(Assigned task)
Without the pictures, set down everything in the listing exactly.

(Given data)
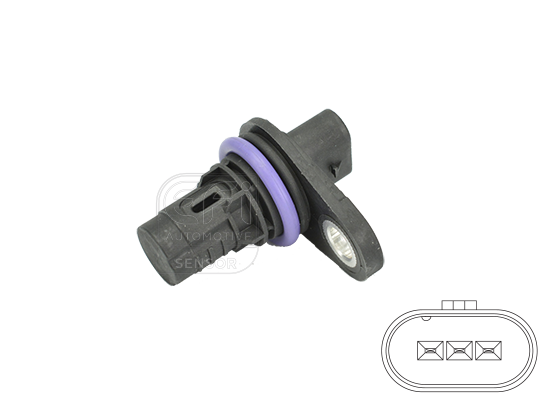 Nokkenas positiesensor Bougicord 303347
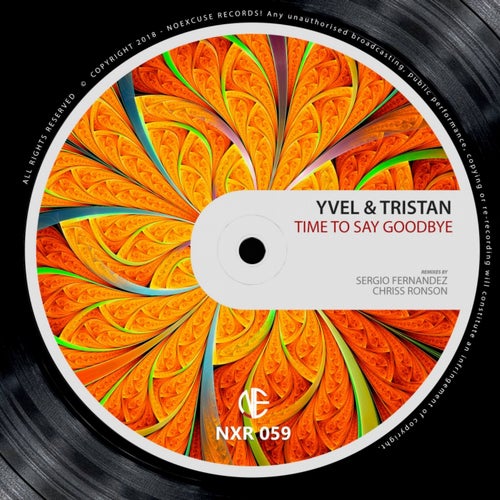 Time To Say Goodbye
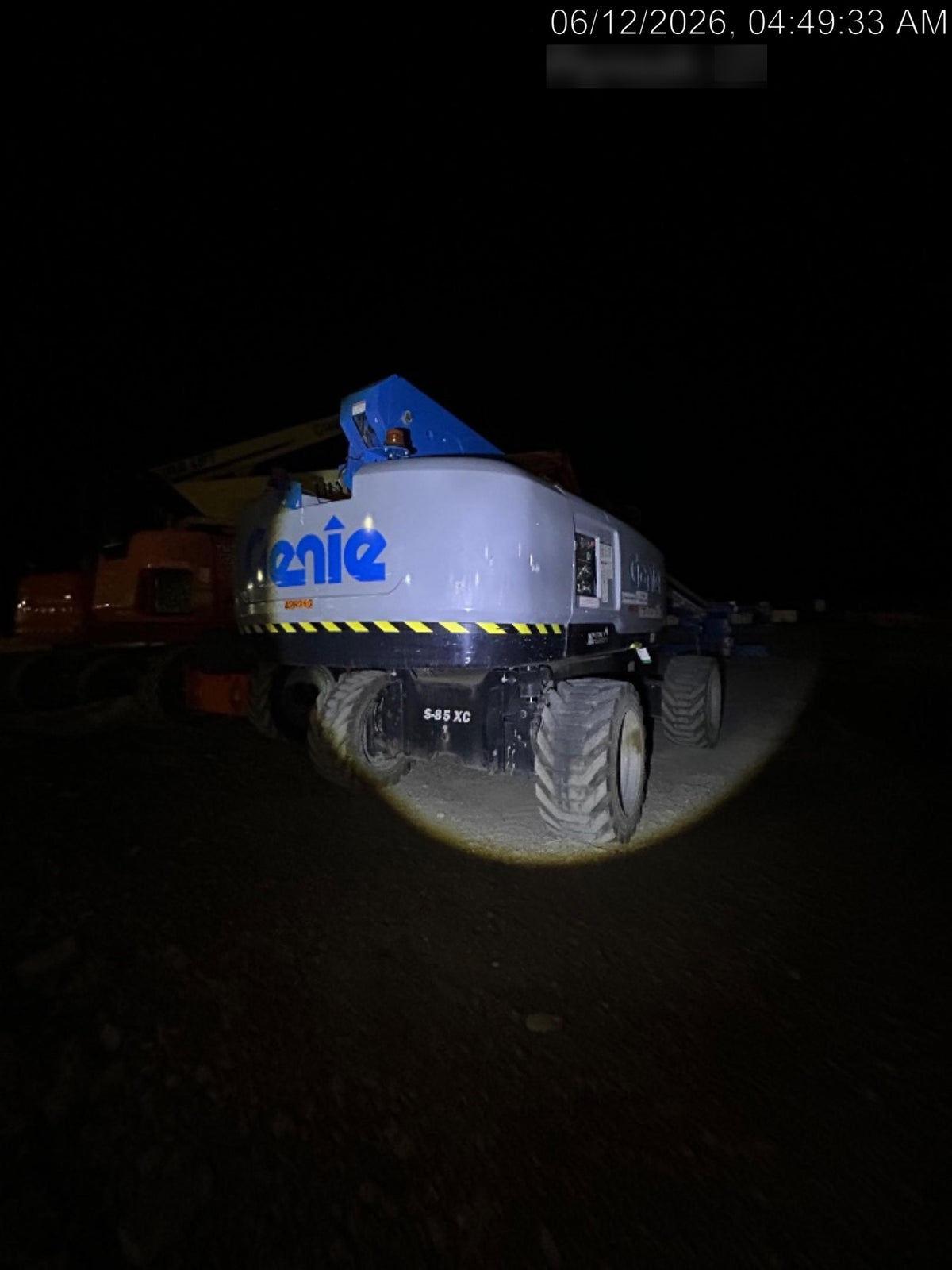 2024 GENIE S-85 XC
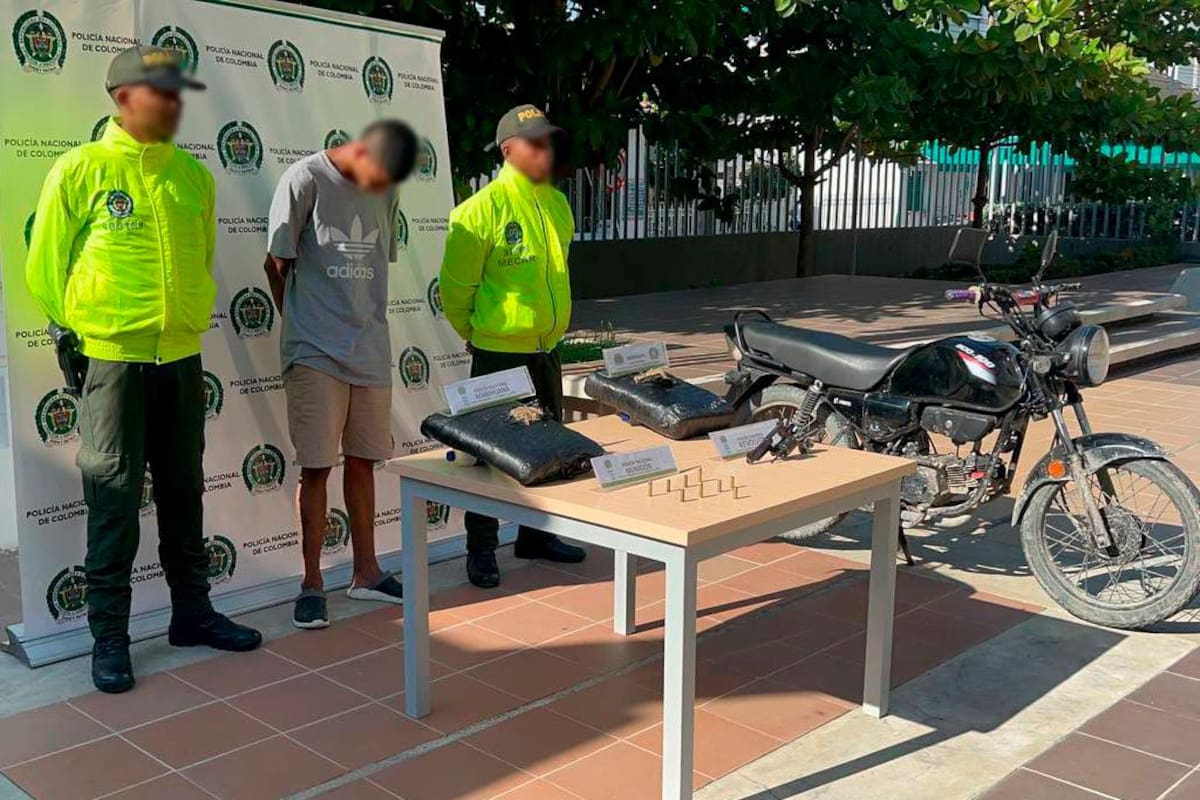 Sicarios y peligrosos: los investigan por varios homicidios en Cartagena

(Response to the exercise)
 Nokkenas positiesensor Bougicord 303347
 Time To Say Goodbye
 2024 GENIE S-85 XC
 Sicarios y peligrosos: los investigan por varios homicidios en Cartagena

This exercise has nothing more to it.